I diari di Sylvia Plath

 


I Diari di Sylvia Plath sono da leggere per la loro intensità, e per quello sguardo particolare sulle cose che va oltre le cose stesse. Così come i diari di Virginia Woolf, anch'essi pubblicati, o quelli di Cesare Pavese: tutti scrittori, fra l'altro, accomunati da una scelta estrema. È sufficiente la citazione qui sotto, che ricorda in un certo senso sia Woolf che Pavese con Il mestiere di vivere, per intuirne la potenza espressiva:

"Il mestiere di scrivere. Lo scrittore fabbrica illusioni per l'uomo comune - e si ammanta di mistero: a nessuno piace pensare che le proprie emozioni possano essere usate o suscitate da abili letterati di professione. A nessuno piace pensare: questo tizio è capace di guardarmi dentro e di frugarmi l'anima per far soldi. Così, quando gli chiedono come gli vengano le idee, lo scrittore risponde: «Mi sdraio sul divano e Dio mi parla.

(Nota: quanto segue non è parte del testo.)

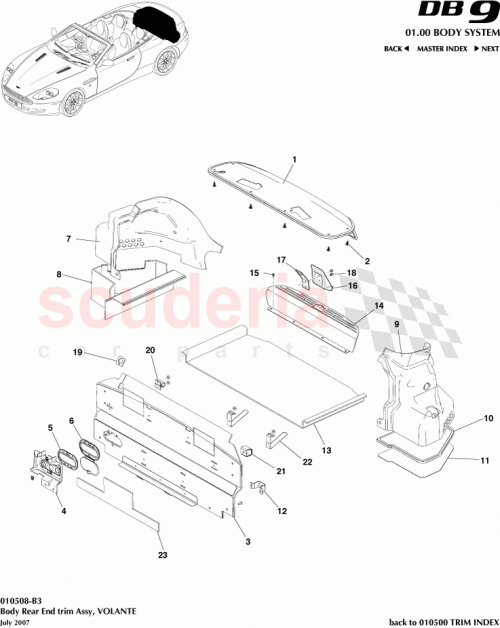 Part Diagram for Aston Martin 4G43-L45436-AA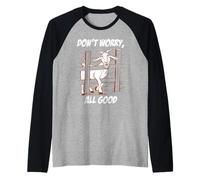 Goat Lover DON'T WORRY ALL GOOD Funny Goats Raglan Baseball Tee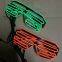 Mix Neon Colors LED Shutter Glasses Party Light up LED Sunglasses Shutter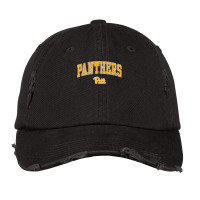 Pittsburgh Panthers Arch Over Black Officially Lic Vintage Cap | Artistshot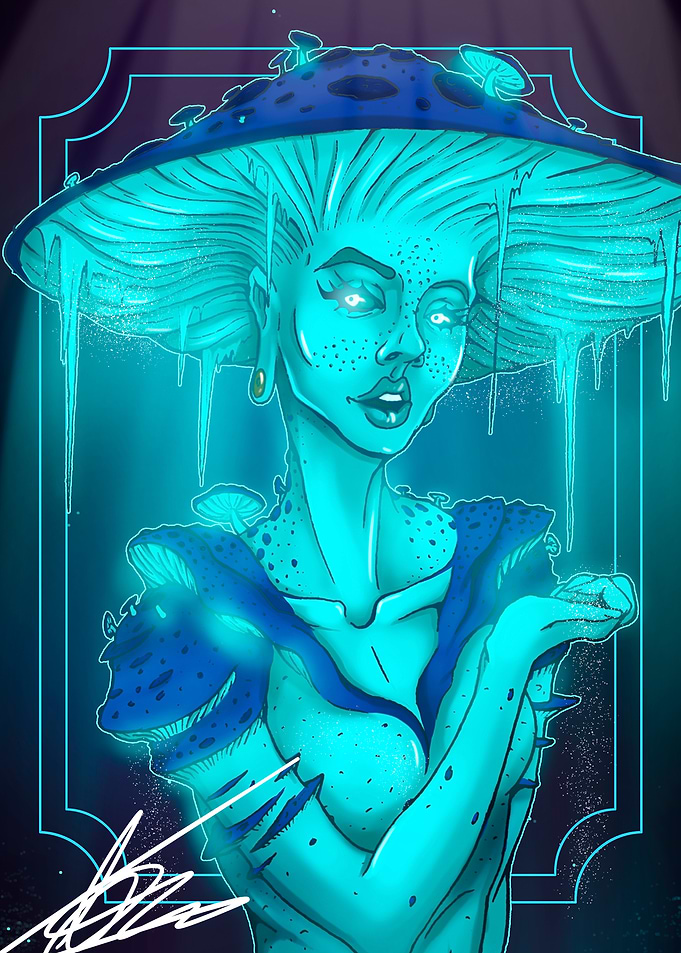 Glowing Mushroom Nymph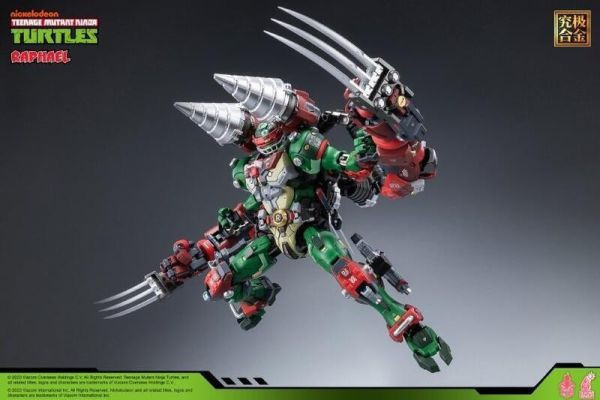 HeatBoys 機甲忍者龜 拉斐爾 HB0013 合金 可動 機甲 完成品 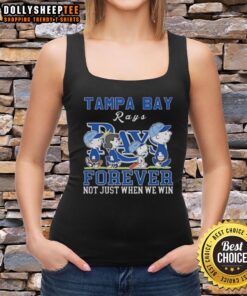Alt Text: Premium Snoopy and Charlie Brown tank top featuring Tampa Bay Rays design, perfect for fans celebrating all seasons.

E' l'ispirazione». E fa contenti tutti". 

In Italia i Diari sono editi da Adelphi nella traduzione di Simona Fefè. Leggere diari, e scriverli anche, può aiutare l'introspezione, a guardarsi dentro con sincerità. A trovare risposte. Ad agire di scarto. Le linee temporali di Sylvia Plath ci conducono dove mai ti aspetteresti. Scrive pagine di resistenza e fatica. È fragile e tenace, malinconica e divertente. Una sensibilità fuori dal comune, la sua. Lirica anche quando descrive banali attività quotidiane. Una volta terminata la lettura vorresti soltanto averla di fronte, guardarla negli occhi, l'autrice di questo diario, e dopo abbracciarla. Ascoltare il silenzio insieme a lei. Poetessa e scrittrice che s'impegna, che studia, che lavora, ma anche donna che ama e vuole essere amata. Null'altro. E che vuole scrivere, e tanto. 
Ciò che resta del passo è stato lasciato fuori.